Most goblins belong to a crew that owes its allegiance to one or more elven nobles, playing their necessary part in the nocturnal dramas that play out for mind's eyes of every sleeping human. Since currency is practically unknown in the Dreaming Dimension (except as it figures into the dreams of mortals, which often means it is portrayed in a less-than-accurate light), and goblins can make any object they desire out of the unformed substance of the Dreaming Dimension, their loyalty is not compelled through material gain, but through the threat of corporal punishment and a several-fold reward system based around a sense of aesthetics. An elf might compose a song for his goblin work crew to sing through its labors, might teach them the location in the night sky of a new-born constellation, might show them a new shade of blue he'd just invented, might serve them a feast taken from dreams of sleeping mortals, anything that shares a new joy or pleasure with the goblins. The highest honor that an elf may bestow upon a goblin is a name, a real name that belongs to him and him alone, and not a title like "foreman" or "stagehand." Named goblins are regarded as elders among their kind, and their ability to shape the raw stuff of the dreamscape improves dramatically.
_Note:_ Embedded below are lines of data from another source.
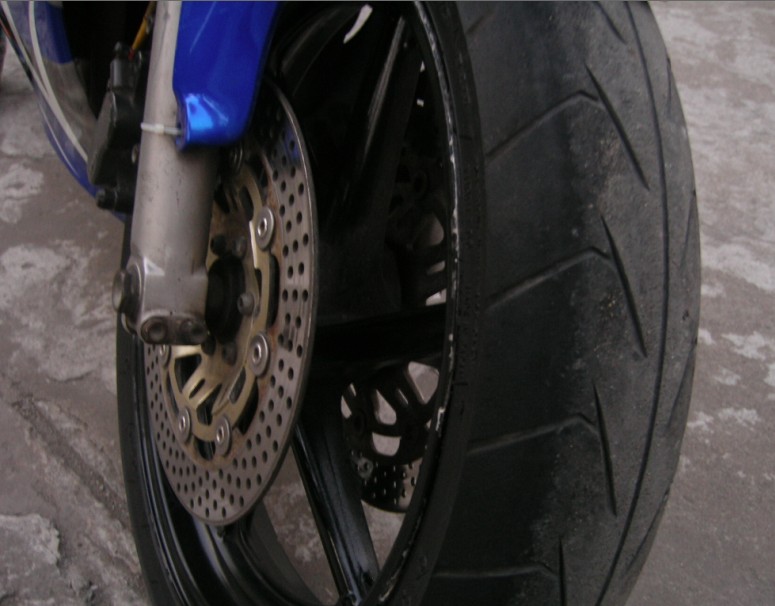 [原创]佛山澜石出售CBR 250C 22期一台价格一万`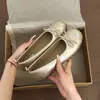 Zapatos Planos Plateados de Mujer Estilo Retro Francés Suela Suave 2026 Otoño Mocasines Estilo de Noche Lazo Zapatos Planos Rojos Ballet
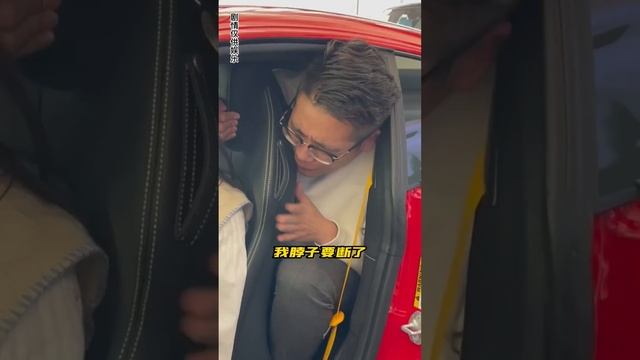 夫妻俩去买跑车当结婚用车，销售以为在忽悠他，没想到知道实情的他居然....【招财喵剧组】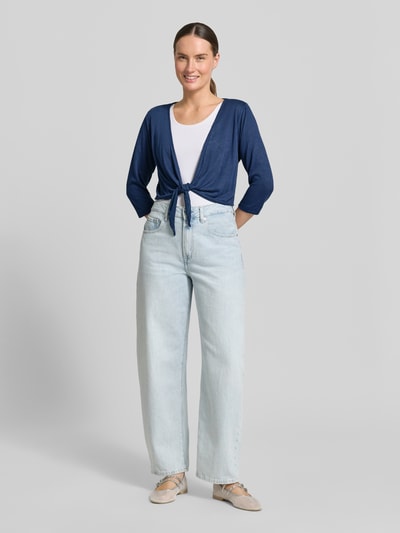 Frauenmodel trägt Bolero aus Viskose-Mix mit 3/4-Arm von Zero, Cropped, Knotendetail, Rückenlänge bei Größe 36: 41 cm, Ganzkörperansicht von vorne.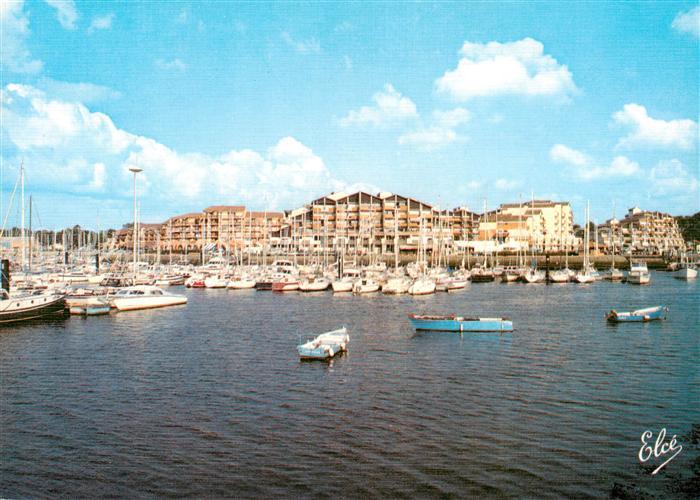 Capbreton Port de plaisance avec les Mille Sabords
While the vast majority of goblins serve the elves who create and inhabit dreams, there are a goodly number in the employ of those degenerate elves responsible for nightmares. This Nightmare Court trades in horror and panic, teaching its goblins the pleasures of cruelty and wickedness. Few elves know the names of their cousins in the Nightmare Court as they remain masked and use cryptic aliases ("He Who Rings A Bell Upon The Finding Of A Pin" for one), but every goblin knows the name of the butcher and sadist goblins who earn their names from the Nightmare Court, for they will torture mortal and immortal alike with few prejudices. Still, unnamed goblins of the Nightmare Court may depart their gangs at the behest of their masters and take up life among the goblin crews, working to earn their names by subverting the crews, corrupting them from within and subtling teaching the pleasures of the darker passions. This interference has fostered a malignant streak which,uninterrupted by the indifference of their masters, is subtly changing the goblin species for the worse.

AC: 8
HD: d6
Attacks: 1 weapon
Damage: d6
Dexterity: 12
Move: 12
Alignment: Neutral (1 CE : 3 N)
Treasure: 12 (1)

For every 6 goblins, there will be one 2d6 HD foreman and for every 3 foreman there will be one 4d6 HD boss, who will directly answer to an elven master. In their home dimension, goblins are capable of minor magics and illusions (as well as the sorts of small magics that other rules sets might call "cantrips"). Foremen and bosses may cast spells as Magic-Users of a level equal to their hit dice.